WHAT THIS TASK INVOLVES:
Below are the records. Retype exactly the lines between the lines holding "Bergepanthera i elementy" and "image for item DU0364", inclusive.

DATA RECORDS:
────────────────────

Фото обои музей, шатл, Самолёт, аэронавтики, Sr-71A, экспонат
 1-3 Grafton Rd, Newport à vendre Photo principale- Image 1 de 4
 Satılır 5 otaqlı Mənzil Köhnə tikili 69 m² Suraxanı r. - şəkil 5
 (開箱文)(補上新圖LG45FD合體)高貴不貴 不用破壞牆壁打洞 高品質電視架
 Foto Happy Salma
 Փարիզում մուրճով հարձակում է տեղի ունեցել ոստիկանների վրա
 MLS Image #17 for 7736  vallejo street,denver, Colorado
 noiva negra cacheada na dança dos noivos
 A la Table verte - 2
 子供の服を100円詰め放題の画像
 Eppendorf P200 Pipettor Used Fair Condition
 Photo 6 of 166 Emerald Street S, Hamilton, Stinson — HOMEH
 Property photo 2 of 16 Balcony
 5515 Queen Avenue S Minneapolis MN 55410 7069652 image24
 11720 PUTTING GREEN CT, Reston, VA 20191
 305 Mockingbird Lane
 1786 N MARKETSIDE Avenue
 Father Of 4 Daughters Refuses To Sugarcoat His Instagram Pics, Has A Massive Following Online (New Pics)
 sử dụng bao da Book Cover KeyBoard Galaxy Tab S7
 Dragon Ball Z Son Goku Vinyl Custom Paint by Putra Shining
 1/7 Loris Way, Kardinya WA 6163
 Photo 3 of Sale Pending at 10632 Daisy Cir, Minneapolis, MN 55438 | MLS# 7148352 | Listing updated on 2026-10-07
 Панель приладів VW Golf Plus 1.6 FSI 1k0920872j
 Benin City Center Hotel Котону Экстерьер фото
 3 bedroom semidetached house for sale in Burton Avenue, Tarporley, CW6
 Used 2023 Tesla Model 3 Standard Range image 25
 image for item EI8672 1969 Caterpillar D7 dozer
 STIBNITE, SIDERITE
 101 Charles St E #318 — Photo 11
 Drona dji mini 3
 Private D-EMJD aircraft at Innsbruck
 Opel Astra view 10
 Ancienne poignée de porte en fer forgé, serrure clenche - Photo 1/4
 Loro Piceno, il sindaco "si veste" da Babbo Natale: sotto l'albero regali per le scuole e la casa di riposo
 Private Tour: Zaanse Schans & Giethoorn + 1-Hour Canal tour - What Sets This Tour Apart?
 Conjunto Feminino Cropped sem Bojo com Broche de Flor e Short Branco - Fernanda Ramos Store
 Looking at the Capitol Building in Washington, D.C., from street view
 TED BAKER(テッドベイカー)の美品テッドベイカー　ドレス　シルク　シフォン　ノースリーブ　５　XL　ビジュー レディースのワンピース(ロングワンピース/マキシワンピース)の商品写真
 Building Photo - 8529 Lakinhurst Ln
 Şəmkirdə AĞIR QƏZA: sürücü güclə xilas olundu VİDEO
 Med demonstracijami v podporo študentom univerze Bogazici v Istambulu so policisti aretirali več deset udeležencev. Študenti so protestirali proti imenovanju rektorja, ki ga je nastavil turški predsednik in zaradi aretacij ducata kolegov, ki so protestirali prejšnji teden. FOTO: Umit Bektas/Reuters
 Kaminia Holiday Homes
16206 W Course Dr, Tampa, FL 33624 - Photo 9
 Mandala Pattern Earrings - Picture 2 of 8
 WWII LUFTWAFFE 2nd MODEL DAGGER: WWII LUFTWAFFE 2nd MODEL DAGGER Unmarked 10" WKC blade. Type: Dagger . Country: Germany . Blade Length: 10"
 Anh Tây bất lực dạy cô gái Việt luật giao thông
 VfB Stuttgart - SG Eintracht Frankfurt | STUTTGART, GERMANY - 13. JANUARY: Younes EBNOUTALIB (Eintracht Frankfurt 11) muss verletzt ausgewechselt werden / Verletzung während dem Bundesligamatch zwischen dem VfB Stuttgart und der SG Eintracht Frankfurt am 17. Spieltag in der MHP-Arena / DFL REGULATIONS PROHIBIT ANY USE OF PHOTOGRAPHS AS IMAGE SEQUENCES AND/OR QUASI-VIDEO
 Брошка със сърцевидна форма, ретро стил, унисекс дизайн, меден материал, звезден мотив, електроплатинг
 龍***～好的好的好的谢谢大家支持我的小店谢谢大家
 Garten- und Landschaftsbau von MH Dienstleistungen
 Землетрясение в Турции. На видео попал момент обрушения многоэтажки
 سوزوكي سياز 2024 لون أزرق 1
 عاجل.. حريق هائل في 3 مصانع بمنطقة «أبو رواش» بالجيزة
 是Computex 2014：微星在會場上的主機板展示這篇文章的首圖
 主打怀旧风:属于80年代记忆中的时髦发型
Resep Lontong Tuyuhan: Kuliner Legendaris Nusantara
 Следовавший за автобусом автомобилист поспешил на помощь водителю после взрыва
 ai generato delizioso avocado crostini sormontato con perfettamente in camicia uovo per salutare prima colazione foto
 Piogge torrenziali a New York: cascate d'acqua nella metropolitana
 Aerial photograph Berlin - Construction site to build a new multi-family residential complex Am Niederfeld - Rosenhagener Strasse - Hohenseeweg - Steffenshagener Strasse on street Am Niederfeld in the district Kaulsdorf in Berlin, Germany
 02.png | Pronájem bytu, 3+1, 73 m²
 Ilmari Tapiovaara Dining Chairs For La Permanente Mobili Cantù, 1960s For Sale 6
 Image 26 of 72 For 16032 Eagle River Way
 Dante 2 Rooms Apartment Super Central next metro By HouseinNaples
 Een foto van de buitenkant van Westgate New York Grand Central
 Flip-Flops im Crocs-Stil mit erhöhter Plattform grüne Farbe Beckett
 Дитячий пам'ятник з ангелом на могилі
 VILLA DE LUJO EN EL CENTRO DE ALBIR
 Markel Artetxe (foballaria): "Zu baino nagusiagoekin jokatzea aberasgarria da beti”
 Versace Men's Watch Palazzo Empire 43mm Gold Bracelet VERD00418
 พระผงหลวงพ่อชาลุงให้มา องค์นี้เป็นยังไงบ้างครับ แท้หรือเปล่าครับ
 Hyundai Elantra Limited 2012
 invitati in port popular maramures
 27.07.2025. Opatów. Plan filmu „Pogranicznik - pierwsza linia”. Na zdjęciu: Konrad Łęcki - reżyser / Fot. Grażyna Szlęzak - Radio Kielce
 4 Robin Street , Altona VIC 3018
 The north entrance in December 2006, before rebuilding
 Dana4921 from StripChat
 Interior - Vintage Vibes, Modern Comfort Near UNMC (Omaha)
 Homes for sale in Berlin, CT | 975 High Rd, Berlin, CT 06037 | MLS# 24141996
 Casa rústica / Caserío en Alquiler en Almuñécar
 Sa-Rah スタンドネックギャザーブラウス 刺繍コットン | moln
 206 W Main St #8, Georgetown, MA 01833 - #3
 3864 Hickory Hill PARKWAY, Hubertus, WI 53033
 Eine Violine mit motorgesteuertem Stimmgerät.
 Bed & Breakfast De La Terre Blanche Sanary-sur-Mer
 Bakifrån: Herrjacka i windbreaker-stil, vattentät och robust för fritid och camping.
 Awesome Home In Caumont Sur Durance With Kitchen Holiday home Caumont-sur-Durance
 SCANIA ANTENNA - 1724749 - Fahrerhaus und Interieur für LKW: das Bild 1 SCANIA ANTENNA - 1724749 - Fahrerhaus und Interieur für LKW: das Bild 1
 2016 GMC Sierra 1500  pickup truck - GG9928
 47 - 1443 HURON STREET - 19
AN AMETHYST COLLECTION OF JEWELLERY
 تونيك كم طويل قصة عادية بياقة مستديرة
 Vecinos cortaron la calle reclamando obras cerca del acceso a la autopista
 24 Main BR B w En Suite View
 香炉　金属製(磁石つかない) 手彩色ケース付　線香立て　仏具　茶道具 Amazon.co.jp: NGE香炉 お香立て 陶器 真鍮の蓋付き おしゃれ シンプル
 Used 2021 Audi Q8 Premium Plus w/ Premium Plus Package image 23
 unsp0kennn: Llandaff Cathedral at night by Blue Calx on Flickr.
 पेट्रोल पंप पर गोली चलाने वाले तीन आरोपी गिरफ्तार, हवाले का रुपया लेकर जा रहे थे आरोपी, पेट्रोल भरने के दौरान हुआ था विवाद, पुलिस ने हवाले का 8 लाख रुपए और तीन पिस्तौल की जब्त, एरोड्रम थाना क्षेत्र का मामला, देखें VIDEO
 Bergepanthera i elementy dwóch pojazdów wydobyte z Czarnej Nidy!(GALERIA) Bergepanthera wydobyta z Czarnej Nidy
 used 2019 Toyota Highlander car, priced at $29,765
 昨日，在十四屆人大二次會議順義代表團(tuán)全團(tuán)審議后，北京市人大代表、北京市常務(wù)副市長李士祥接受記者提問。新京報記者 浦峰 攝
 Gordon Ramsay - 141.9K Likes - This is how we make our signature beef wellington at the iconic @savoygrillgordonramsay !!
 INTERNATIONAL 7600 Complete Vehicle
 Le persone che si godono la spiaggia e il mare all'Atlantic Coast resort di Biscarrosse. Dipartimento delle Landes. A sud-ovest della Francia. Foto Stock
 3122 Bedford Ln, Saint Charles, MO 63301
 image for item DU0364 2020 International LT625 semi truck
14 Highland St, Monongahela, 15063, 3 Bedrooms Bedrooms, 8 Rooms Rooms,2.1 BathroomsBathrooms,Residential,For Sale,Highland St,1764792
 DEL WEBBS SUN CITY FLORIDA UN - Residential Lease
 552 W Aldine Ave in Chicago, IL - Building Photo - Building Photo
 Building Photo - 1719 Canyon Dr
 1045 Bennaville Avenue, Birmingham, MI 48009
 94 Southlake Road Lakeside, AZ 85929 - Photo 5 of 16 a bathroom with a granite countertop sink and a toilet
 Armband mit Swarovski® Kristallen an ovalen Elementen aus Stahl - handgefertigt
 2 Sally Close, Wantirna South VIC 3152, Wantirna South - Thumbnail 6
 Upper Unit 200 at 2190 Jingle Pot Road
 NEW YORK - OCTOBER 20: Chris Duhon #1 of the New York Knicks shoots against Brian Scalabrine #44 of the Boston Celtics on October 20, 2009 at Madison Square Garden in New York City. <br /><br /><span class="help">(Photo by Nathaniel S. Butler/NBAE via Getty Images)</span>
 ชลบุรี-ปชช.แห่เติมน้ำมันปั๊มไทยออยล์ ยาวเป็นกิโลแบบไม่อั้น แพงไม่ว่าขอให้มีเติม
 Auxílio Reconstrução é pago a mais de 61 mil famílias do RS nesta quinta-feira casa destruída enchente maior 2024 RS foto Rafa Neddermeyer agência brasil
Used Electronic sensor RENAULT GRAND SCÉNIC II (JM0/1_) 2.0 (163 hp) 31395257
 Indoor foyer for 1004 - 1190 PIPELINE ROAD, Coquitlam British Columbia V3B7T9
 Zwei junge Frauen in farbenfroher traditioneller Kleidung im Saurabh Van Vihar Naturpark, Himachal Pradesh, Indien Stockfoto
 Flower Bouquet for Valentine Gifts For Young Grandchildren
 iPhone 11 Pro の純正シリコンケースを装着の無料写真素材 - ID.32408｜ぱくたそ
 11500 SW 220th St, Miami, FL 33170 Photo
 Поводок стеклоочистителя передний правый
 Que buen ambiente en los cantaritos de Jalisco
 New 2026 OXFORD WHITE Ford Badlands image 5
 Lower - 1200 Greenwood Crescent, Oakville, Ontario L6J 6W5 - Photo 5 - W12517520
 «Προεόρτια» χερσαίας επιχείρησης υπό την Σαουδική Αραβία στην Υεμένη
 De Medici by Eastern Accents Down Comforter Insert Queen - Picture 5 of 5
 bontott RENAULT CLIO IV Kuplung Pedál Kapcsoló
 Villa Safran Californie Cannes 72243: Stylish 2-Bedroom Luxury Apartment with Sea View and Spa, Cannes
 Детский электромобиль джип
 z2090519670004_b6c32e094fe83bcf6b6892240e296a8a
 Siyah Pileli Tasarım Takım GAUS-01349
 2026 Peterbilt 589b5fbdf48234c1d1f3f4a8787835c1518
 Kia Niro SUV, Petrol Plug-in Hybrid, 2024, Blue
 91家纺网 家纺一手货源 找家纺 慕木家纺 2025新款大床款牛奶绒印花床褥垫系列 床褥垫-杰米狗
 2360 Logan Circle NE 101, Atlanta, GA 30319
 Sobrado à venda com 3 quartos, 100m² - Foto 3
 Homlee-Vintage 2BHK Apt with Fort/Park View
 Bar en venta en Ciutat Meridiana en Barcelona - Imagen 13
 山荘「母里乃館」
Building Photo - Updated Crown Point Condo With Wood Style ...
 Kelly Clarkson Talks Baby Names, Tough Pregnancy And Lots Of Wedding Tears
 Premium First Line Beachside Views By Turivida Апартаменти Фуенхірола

────────────────────

REPLY TO THE EXERCISE:
 Bergepanthera i elementy dwóch pojazdów wydobyte z Czarnej Nidy!(GALERIA) Bergepanthera wydobyta z Czarnej Nidy
 used 2019 Toyota Highlander car, priced at $29,765
 昨日，在十四屆人大二次會議順義代表團(tuán)全團(tuán)審議后，北京市人大代表、北京市常務(wù)副市長李士祥接受記者提問。新京報記者 浦峰 攝
 Gordon Ramsay - 141.9K Likes - This is how we make our signature beef wellington at the iconic @savoygrillgordonramsay !!
 INTERNATIONAL 7600 Complete Vehicle
 Le persone che si godono la spiaggia e il mare all'Atlantic Coast resort di Biscarrosse. Dipartimento delle Landes. A sud-ovest della Francia. Foto Stock
 3122 Bedford Ln, Saint Charles, MO 63301
 image for item DU0364 2020 International LT625 semi truck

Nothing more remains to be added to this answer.